It’s Tuesday, April 16, and Elizabeth Warren is out with a public lands proposal that looks similar to the Green New Deal.
On Monday, Warren released a proposal that promises, among other things, an executive ban on new offshore leases and drilling on government-owned lands on her first day in office. It marks her sixth policy plan in three and a half months, and is one of the primary field’s first climate proposals that touches on the themes laid out in the Green New Deal.
Warren’s proposal includes free access to national parks for American citizens and pledges to restore protections to national monuments like Bears Ears that were rolled back by the Trump administration. And her plan includes a 21st Century Civilian Conservation Corps, which, as she describes it, “will create job opportunities for thousands of young Americans caring for our natural resources and public lands.”

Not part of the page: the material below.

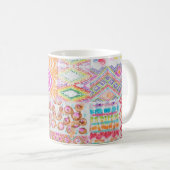 Abstraktes Patchwork, Wasserfarbene Tie-Dye-Muster Kaffeetasse (VorderseiteRechts)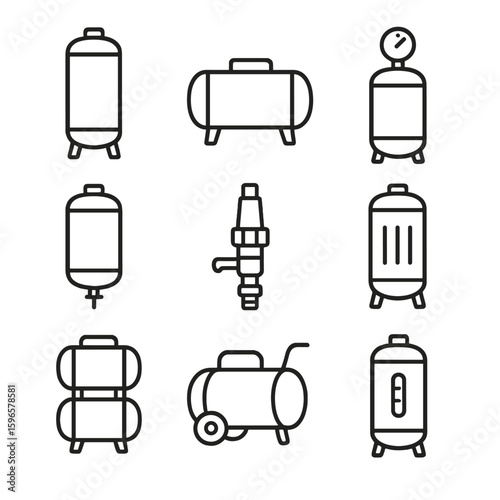 Air Compressor Icons. Line style icons of air compressor tank setups: vertical air tank, horizontal tank with legs, tank with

The centerpiece of the larger proposal is two-pronged: a moratorium on new drilling on federal lands with “a goal of providing 10% of [the nation’s] overall electricity generation from renewable sources offshore or on public lands.” Her idea effectively swaps oil and gas for renewable energy projects on public lands.
Warren’s public lands proposal contains seeds of what could grow into a full-fledged Green New Deal if the senator manages to clinch the presidency next year. Regardless of where she ends up, her plan is ambitious enough that her fellow 2020 contenders will likely feel the need to produce their own climate and environment proposals lickity-split.
More than 100 people were arrested in London last night for protesting the U.K.’s response (or lack thereof) to climate change. Police arrested even more protesters today near Waterloo Bridge. The activists are with Extinction Rebellion, a group that has been organizing climate protests in Europe. Organizers plan on staging 80 demonstrations in 33 countries in the coming days, the Guardian reports.
Trump’s appointees tend to get entangled in scandal rapidly — remember Scott Pruitt? — but this must be some kind of record. It took less than a week for the Department of the Interior to open up an investigation into its newly confirmed chief, David Bernhardt. The New York Times reports that the former oil lobbyist is under investigation for his conduct around advancing Trump’s energy agenda and his connections to previous clients.
New research shows that climate change played a role in the record-breaking volume of rainfall that Puerto Rico received in 2017 when Hurricane Maria hit. The study, published in the journal Geophysical Research Letters, found that the storm was the wettest to hit the island in 60 years. The research was the first in-depth look at how climate change influenced the hurricane’s catastrophic rainfall.